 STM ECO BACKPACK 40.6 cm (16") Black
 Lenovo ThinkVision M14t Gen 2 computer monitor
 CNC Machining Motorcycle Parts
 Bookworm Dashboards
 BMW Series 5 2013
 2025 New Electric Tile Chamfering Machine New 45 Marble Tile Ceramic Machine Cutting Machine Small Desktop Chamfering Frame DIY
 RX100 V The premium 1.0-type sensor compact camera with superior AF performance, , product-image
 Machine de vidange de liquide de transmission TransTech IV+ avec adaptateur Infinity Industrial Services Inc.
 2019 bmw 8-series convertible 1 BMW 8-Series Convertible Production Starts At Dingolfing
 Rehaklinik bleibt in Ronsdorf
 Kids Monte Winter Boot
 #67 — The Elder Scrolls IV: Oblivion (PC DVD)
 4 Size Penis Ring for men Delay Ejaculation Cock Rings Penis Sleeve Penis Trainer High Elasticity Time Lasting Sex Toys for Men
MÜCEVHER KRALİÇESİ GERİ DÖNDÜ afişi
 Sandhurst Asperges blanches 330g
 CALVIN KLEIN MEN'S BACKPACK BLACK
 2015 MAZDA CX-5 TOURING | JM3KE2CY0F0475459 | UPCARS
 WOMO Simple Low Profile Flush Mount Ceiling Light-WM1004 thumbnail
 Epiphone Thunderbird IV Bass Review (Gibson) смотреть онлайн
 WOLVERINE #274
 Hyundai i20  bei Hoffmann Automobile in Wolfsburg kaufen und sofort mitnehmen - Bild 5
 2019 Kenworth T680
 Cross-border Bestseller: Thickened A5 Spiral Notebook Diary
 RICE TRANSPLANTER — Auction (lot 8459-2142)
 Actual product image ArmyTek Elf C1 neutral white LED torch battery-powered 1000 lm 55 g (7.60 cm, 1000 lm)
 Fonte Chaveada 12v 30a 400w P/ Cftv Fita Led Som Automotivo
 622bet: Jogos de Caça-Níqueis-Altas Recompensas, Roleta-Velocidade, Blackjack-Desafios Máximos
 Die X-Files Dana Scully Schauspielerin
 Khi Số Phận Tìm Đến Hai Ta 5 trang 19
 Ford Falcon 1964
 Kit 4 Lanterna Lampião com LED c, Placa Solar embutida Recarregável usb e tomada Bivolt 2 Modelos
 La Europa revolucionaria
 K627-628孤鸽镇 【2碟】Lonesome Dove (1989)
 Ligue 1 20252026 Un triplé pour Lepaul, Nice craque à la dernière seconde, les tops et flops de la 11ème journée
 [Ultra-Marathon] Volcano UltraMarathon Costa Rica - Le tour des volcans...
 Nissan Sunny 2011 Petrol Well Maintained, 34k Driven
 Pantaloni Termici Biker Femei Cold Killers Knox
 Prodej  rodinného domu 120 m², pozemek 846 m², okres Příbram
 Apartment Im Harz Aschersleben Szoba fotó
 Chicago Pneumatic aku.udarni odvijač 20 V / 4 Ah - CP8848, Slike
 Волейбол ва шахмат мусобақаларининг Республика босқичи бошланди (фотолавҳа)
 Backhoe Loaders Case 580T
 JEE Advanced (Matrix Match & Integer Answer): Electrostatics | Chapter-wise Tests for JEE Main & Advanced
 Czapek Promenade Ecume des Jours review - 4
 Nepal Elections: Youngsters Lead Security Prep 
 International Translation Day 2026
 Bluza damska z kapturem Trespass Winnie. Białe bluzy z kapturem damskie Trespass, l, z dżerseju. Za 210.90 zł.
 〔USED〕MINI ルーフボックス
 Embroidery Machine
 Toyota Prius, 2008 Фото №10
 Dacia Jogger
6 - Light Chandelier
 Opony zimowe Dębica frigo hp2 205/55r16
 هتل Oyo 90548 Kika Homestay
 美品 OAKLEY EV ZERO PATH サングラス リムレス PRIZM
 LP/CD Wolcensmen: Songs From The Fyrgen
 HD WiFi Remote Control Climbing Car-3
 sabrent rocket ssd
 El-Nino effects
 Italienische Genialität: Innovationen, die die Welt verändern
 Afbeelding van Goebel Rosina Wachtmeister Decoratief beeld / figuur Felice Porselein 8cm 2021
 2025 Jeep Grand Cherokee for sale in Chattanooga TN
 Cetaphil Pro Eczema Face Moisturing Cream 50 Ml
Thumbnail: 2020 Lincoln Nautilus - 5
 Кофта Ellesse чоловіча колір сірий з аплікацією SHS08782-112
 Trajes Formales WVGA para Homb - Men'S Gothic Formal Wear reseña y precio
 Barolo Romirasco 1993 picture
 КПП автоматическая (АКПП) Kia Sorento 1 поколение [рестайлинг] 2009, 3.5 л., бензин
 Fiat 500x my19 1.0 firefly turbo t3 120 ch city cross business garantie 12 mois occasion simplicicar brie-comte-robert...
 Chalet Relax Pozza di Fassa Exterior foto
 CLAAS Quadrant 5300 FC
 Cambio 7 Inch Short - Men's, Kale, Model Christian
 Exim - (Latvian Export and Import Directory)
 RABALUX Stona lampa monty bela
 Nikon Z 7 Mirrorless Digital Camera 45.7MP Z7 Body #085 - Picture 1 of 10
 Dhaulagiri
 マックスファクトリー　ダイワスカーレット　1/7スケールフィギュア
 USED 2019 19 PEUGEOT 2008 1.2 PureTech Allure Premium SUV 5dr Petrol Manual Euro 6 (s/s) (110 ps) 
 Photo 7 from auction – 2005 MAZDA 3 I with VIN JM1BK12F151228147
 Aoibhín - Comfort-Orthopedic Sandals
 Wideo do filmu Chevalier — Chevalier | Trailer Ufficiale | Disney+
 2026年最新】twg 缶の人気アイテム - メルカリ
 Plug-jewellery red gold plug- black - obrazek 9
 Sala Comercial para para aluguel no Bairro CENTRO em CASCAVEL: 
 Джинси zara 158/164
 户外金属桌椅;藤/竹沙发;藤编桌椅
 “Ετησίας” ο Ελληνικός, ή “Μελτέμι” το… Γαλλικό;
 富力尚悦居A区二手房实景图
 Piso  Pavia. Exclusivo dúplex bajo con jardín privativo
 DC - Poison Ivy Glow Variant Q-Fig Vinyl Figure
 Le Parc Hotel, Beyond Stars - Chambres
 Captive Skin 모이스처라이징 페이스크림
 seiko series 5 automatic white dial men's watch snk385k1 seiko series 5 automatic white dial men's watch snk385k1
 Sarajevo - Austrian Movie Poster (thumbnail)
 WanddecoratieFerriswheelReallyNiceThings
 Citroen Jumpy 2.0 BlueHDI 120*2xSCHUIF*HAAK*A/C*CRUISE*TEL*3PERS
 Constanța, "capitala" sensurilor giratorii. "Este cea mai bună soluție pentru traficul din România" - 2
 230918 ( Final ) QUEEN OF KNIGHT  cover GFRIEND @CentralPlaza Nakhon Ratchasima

§ **Exercise brief**: Return only the part of the records above that opens with the line containing "Nissan Sunny 2011" and closes with the line containing "Fiat 500x my19", ends included.

§ **Answer for this exercise**:
 Nissan Sunny 2011 Petrol Well Maintained, 34k Driven
 Pantaloni Termici Biker Femei Cold Killers Knox
 Prodej  rodinného domu 120 m², pozemek 846 m², okres Příbram
 Apartment Im Harz Aschersleben Szoba fotó
 Chicago Pneumatic aku.udarni odvijač 20 V / 4 Ah - CP8848, Slike
 Волейбол ва шахмат мусобақаларининг Республика босқичи бошланди (фотолавҳа)
 Backhoe Loaders Case 580T
 JEE Advanced (Matrix Match & Integer Answer): Electrostatics | Chapter-wise Tests for JEE Main & Advanced
 Czapek Promenade Ecume des Jours review - 4
 Nepal Elections: Youngsters Lead Security Prep 
 International Translation Day 2026
 Bluza damska z kapturem Trespass Winnie. Białe bluzy z kapturem damskie Trespass, l, z dżerseju. Za 210.90 zł.
 〔USED〕MINI ルーフボックス
 Embroidery Machine
 Toyota Prius, 2008 Фото №10
 Dacia Jogger
6 - Light Chandelier
 Opony zimowe Dębica frigo hp2 205/55r16
 هتل Oyo 90548 Kika Homestay
 美品 OAKLEY EV ZERO PATH サングラス リムレス PRIZM
 LP/CD Wolcensmen: Songs From The Fyrgen
 HD WiFi Remote Control Climbing Car-3
 sabrent rocket ssd
 El-Nino effects
 Italienische Genialität: Innovationen, die die Welt verändern
 Afbeelding van Goebel Rosina Wachtmeister Decoratief beeld / figuur Felice Porselein 8cm 2021
 2025 Jeep Grand Cherokee for sale in Chattanooga TN
 Cetaphil Pro Eczema Face Moisturing Cream 50 Ml
Thumbnail: 2020 Lincoln Nautilus - 5
 Кофта Ellesse чоловіча колір сірий з аплікацією SHS08782-112
 Trajes Formales WVGA para Homb - Men'S Gothic Formal Wear reseña y precio
 Barolo Romirasco 1993 picture
 КПП автоматическая (АКПП) Kia Sorento 1 поколение [рестайлинг] 2009, 3.5 л., бензин
 Fiat 500x my19 1.0 firefly turbo t3 120 ch city cross business garantie 12 mois occasion simplicicar brie-comte-robert...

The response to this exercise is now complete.